Finite sample effect in temperature gradient focusing

Abstract

Temperature gradient focusing (TGF) is a new and promising equilibrium gradient focusing method which can provide high concentration factors for improved detection limits in combination with high-resolution separation. In this technique, temperature-dependent buffer chemistry is employed to generate a gradient in the analyte electrophoretic velocity. By the application of a convective counter-flow, a zero-velocity point is created within a microchannel, at which location the ionic analytes accumulate or focus. In general, the analyte concentration is small when compared with buffer ion concentrations, such that the focusing mechanism works in the ideal, linearized regime. However, this presumption may at times be violated due to significant sample concentration growth or the use of a low-concentration buffer. Under these situations the sample concentration becomes non-negligible and can induce strong nonlinear interactions with buffer ions, which eventually lead to peak shifting and distortion, and the loss of detectability and resolution. In this work we combine theory, simulation, and experimental data to present a detailed study on nonlinear sample-buffer interactions in TGF. One of the key results is the derivation of a generalized Kohlrausch regulating function (KRF) that is valid for systems in which the electrophoretic mobilities are not constant but vary spatially. This generalized KRF greatly facilitates analysis, allowing reduction of the problem to a single equation describing sample concentration evolution, and is applicable to other problems with heterogeneous electrophoretic mobilities.

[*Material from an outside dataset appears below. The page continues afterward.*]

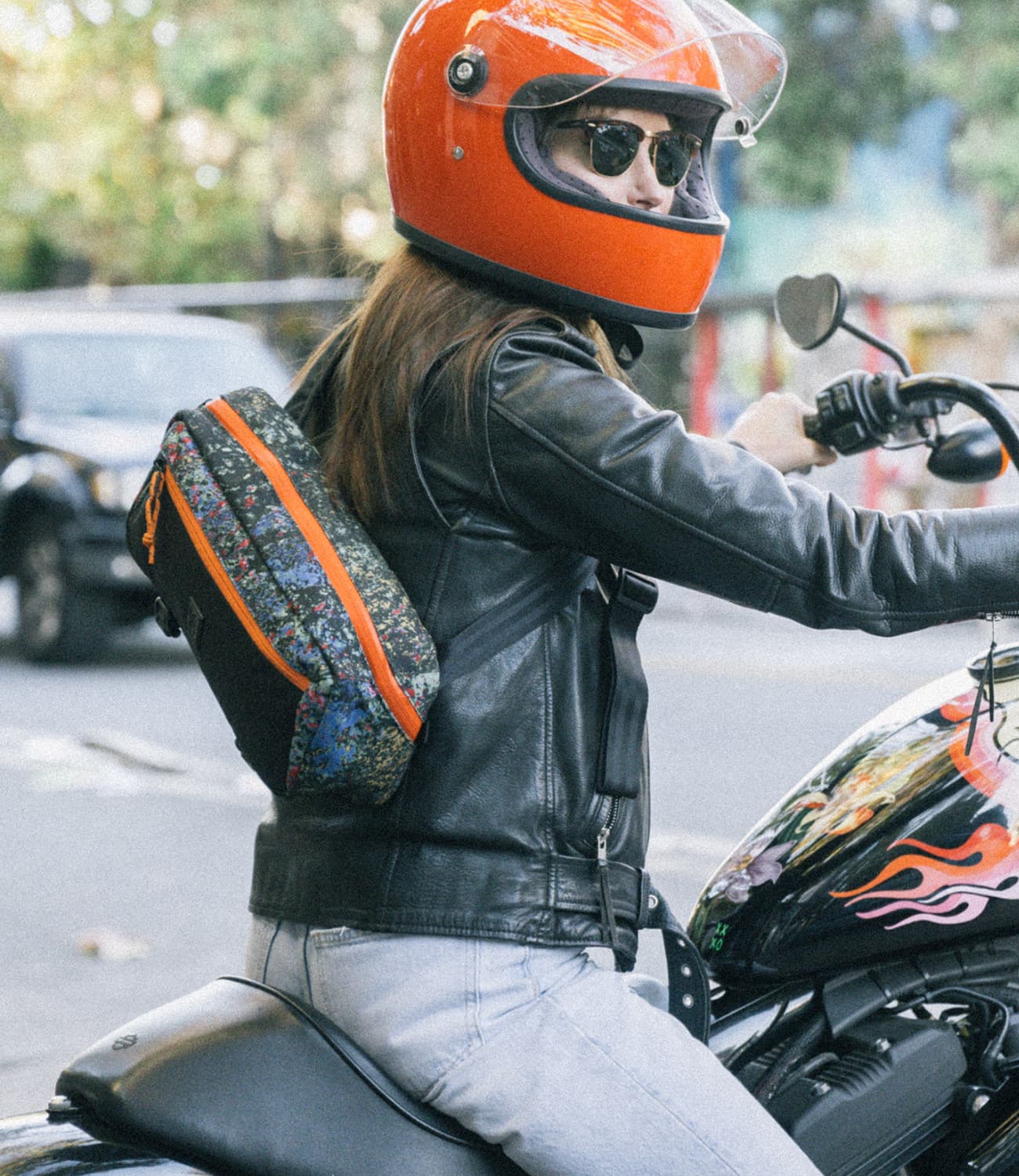 Mini Kadet Sling bag worn by a person on a motorcycle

Using this sample evolution equation we have derived an understanding of the nonlinear peak deformation phenomenon observed experimentally in TGF. We have used numerical simulations to validate our theory and to quantitatively predict TGF. Our simulation results demonstrate excellent agreement with experimental data, and also indicate that the proper inclusion of Taylor dispersion is important for the accurate modeling of TGF. This work is an important first step towards the understanding and prediction of the more complex, nonlinear, and multi-species interactions which often occur in on-chip electrophoretic assays such as TGF.